%%

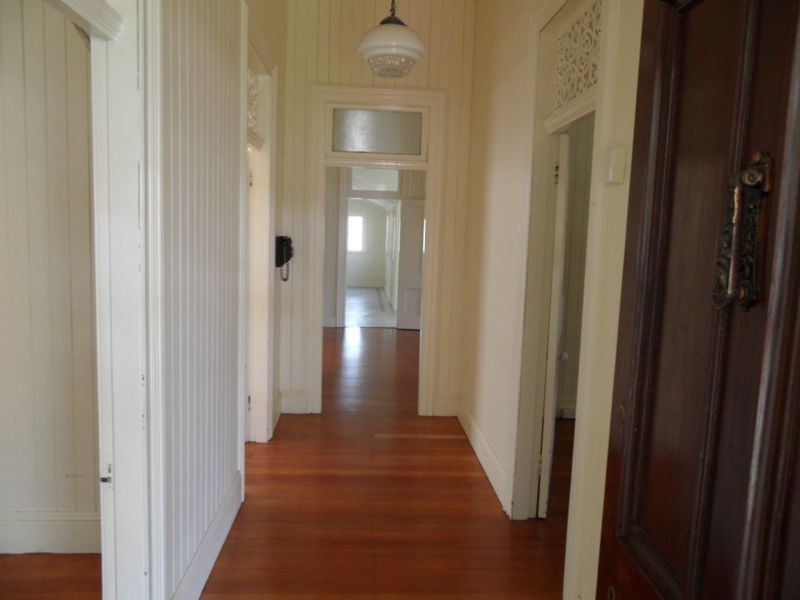 84 Mowbray Terrace, East Brisbane QLD 4169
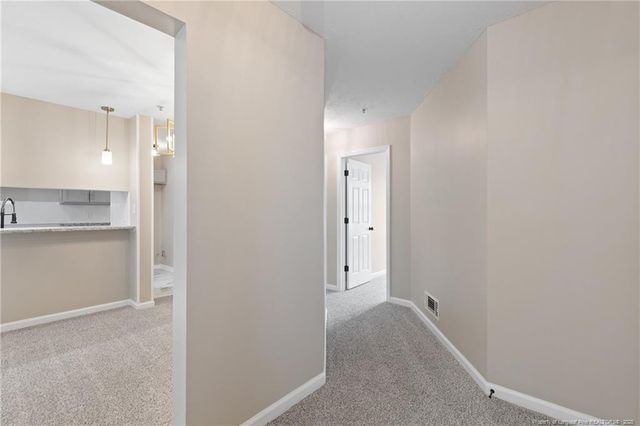 267 Waterdown Drive 4, Fayetteville, NC 28314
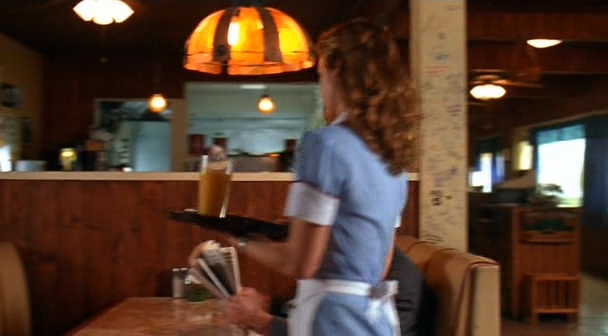 Waitress-545.jpg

%%

**To do**. The listing is to be repeated exactly, with its pictures removed.

**Solved problem**.
 84 Mowbray Terrace, East Brisbane QLD 4169
 267 Waterdown Drive 4, Fayetteville, NC 28314
 Waitress-545.jpg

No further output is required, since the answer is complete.